Pablozoo andò avanti per oltre un anno, fino a quando si rese conto che quel progetto gli sottraeva troppo tempo. L’università reclamò più attenzione e l’avvento di Facebook sancì la fine del percorso.  

Giù al nord.
Ogni città universitaria ha le sue leggende e a Parma si dice che non si deve visitare il battistero prima della laurea. Ora il biglietto ce l’ha lì, ben esposto al secondo piano dello scaffale, in una cornice rigorosamente gialloblu. Ma dentro di sé Lazzaro sa che quella cornice non cinge solo un pezzo di carta, ma un’intera fase della sua vita. Dopo quel biglietto, tre euro, è sceso nel suo paese dove ha trovato lavoro.
Ci spiega che nella fase di ricerca si era ritrovato davanti a due possibilità. Un lavoro a Milano e uno a Corato. Poi aveva ripiegato per quest’ultimo per motivi che vanno da un lavoro più interessante ad uno stile di vita più sostenibile. A questo riguardo Lazzaro fa spesso riferimento alla vicinanza fisica dei posti: dal punto in cui ci troviamo la sua postazione di lavoro dista poche centinaia di metri in linea d’aria e anche da qui a casa sua la strada è relativamente breve.
Ma se in un paese come Corato la distanza tra il punto A e il punto B, per usare un linguaggio ingegneristico, è breve, nello studio ci sono tracce di mondi lontani l’uno dall’altro. Potremmo dire che lo studio di Lazzaro si estende per oltre novecento chilometri, esattamente la distanza tra qui e Parma. O meglio la distanza che c’è tra il pezzo forte e una disordinata pila di libri che lui ha eletto a simbolo del futuro. Lo dice come uno che fa un giuramento solenne, poggiando la mano sull’ultimo libro. Ci dice che la lettura e lo studio rappresentano per lui una ricerca. Un modo per cercare nuovi spunti o nuove occasioni.
A confermare questo slancio verso l’ignoto ci sono le sue personali colonne d’Ercole. La prima s’innalza avanti allo sterminato mare di internet. La potete osservare digitando www.pablozoo.com. Spierete il mondo di tanti ragazzi per quello che erano fino a pochi anni fa. Si, in tutto questo tempo Lazzaro si è impegnato a conservare Pablozoo e il suo dominio, come per mantenere un presidio per una eventuale ripresa, o un punto di partenza per altri e nuovi progetti.

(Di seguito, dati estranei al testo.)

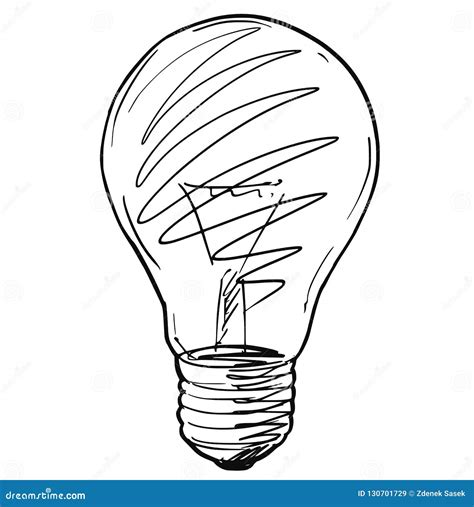 Vector Sketch Drawing Illustration Of Light Bulb Stock Vector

La seconda spicca in vetta alla pila di libri su cui ha abbattuto la sua mano pensando al futuro. Il titolo recita chiaro: “Non si muore tutte le mattine” di Capossela. Degno motto per chi è in ricerca. Lo apriamo e sul frontespizio campeggia l’autografo “Al re della cantina”. O dello studio, o del contenitore, o della stanza. Insomma, fate voi.